What does this mean? Cornell University has developed a DNA gene test for prcd-PRA (Progressive Retinol Atrophy), which is an inherited eye disease that causes blindness. In order for a dog to develop prcd-PRA, it must have two prcd-PRA genes, one inherited from each parent. If it only gets one prcd-PRA gene, or none, it will most likely never develop prcd-PRA. Optigen is the lab which offers the test for the price of $195 per dog (ouch!), and claims "almost" 100% accuracy. Dogs can be tested at any age. The test results that come back from Optigen are labeled as Normal/Clear (previously Pattern A), Carrier (previously Pattern B) or Affected (previously Pattern C), and here is what Optigen says about those:
What does Normal/Clear (or Homozygous Normal) mean? This means the dog has no prcd-PRA gene, and therefore an extremely low risk of developing prcd-PRA. This dog can be safely bred to any other dog, even a dog with prcd-PRA, and none of the puppies will be affected with prcd-PRA.

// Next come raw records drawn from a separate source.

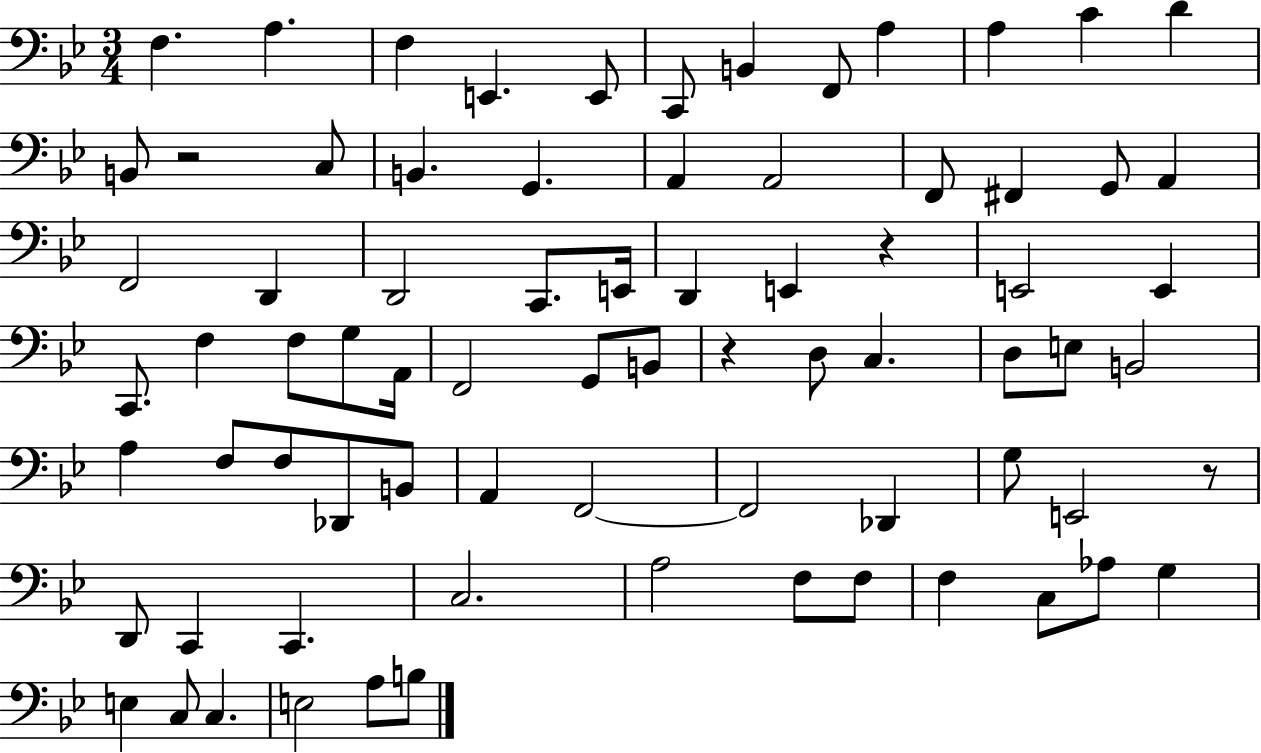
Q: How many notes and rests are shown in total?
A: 76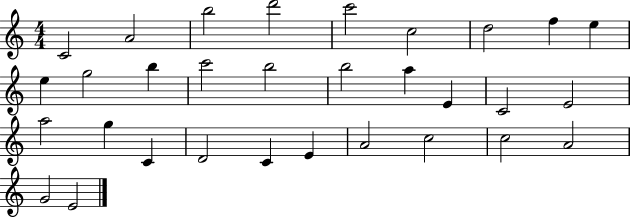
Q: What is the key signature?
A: C major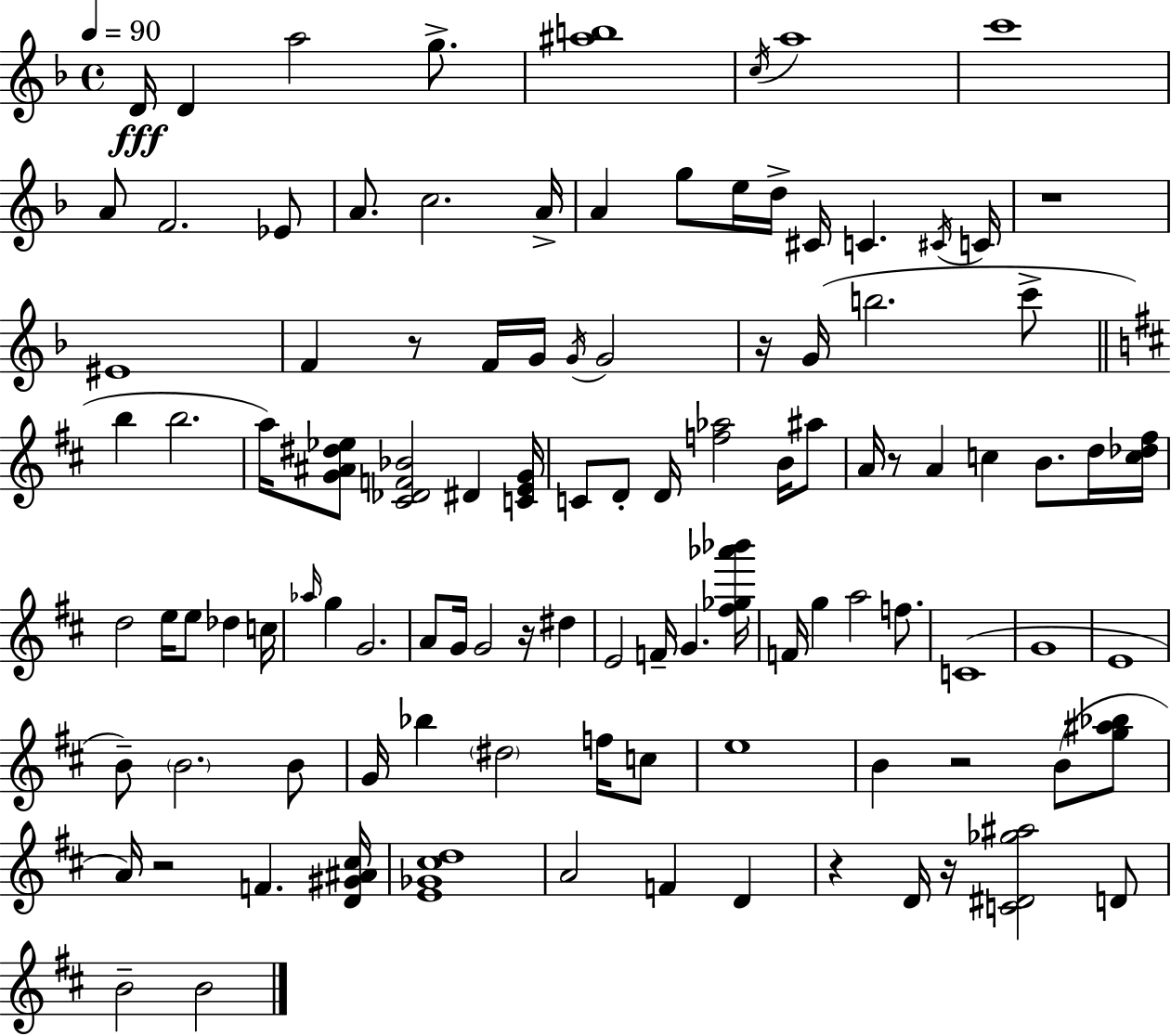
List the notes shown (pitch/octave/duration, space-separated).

D4/s D4/q A5/h G5/e. [A#5,B5]/w C5/s A5/w C6/w A4/e F4/h. Eb4/e A4/e. C5/h. A4/s A4/q G5/e E5/s D5/s C#4/s C4/q. C#4/s C4/s R/w EIS4/w F4/q R/e F4/s G4/s G4/s G4/h R/s G4/s B5/h. C6/e B5/q B5/h. A5/s [G4,A#4,D#5,Eb5]/e [C#4,Db4,F4,Bb4]/h D#4/q [C4,E4,G4]/s C4/e D4/e D4/s [F5,Ab5]/h B4/s A#5/e A4/s R/e A4/q C5/q B4/e. D5/s [C5,Db5,F#5]/s D5/h E5/s E5/e Db5/q C5/s Ab5/s G5/q G4/h. A4/e G4/s G4/h R/s D#5/q E4/h F4/s G4/q. [F#5,Gb5,Ab6,Bb6]/s F4/s G5/q A5/h F5/e. C4/w G4/w E4/w B4/e B4/h. B4/e G4/s Bb5/q D#5/h F5/s C5/e E5/w B4/q R/h B4/e [G5,A#5,Bb5]/e A4/s R/h F4/q. [D4,G#4,A#4,C#5]/s [E4,Gb4,C#5,D5]/w A4/h F4/q D4/q R/q D4/s R/s [C4,D#4,Gb5,A#5]/h D4/e B4/h B4/h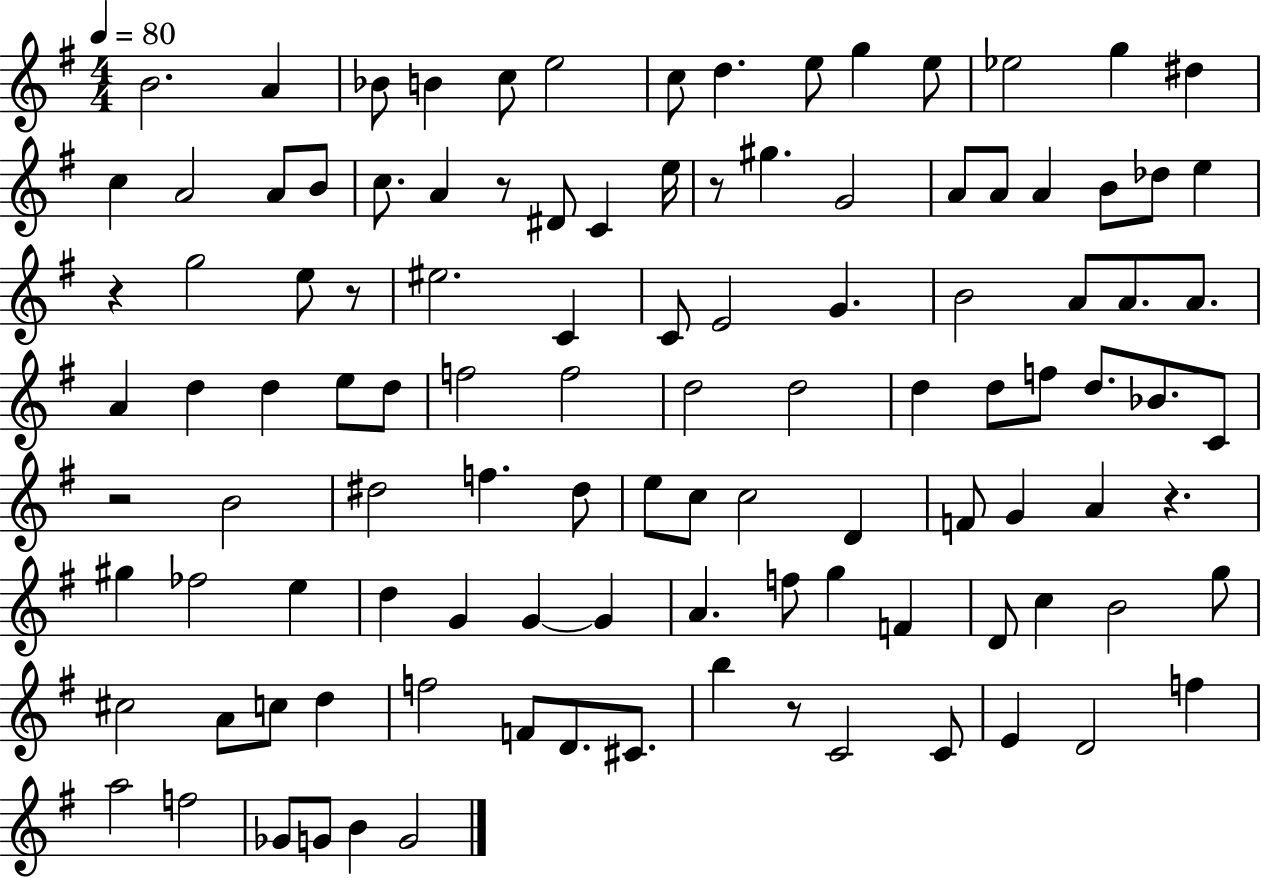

What does Carrier (or Heterozygous) mean? This means the dog has only one prcd-PRA gene, and therefore an extremely low risk of developing prcd-PRA. If bred, this dog would have a 50/50 chance of passing its one prcd-PRA gene to its offspring. But remember, its other gene is normal, not prcd-PRA, so it also has a 50/50 chance of passing its normal gene to its offspring. Since a puppy would need two prcd-PRA genes, one from each parent, in order to develop prcd-PRA, this Carrier dog could be safely bred to a Normal/Clear dog and none of the puppies would develop prcd-PRA. Some of them might be Normal/Clear (statistically, 50%) and some of them might be Carriers (statistically, 50%), but none of them will be affected with prcd-PRA. If this Carrier dog is bred to another Carrier dog, however, there is a possibility of producing prcd-PRA Affected puppies (statistically, 25%), but there is also the same possibility of producing Normal/Clear puppies (again, statistically 25%). Some breeders might take this chance because there aren't very many Normal/Clear dogs to breed to right now. But if they can develop more of them by breeding two Carriers together, eventually we will have a lot more Normal/Clear dogs. If your breeder has bred two Carriers together, ask their reasons for doing so, and if you are satisfied with their answer, then you may wish to consider having your puppy Optigen tested.
So what about Affected (or Homozygous Mutant)? This means the dog has two prcd-PRA genes, and a very high chance of developing prcd-PRA sometime during its lifetime. Currently that is estimated to be anywhere from 3 to 13 years of age (or unknown actually). There are a few Eskies out there who are 8-10 years old, Optigen tested as Affected, and still not showing any symptoms of prcd-PRA. The good news about the Optigen test is that an Affected dog can be safely bred to a Normal/Clear dog and no Affected puppies will be produced, only Carriers. Which means, those puppies won't get prcd-PRA. Breeding an Affected dog to a Carrier, however, is not recommended because it would give the puppies a 50% chance of being prcd-PRA Affected themselves, and no chance of being Normal/Clear.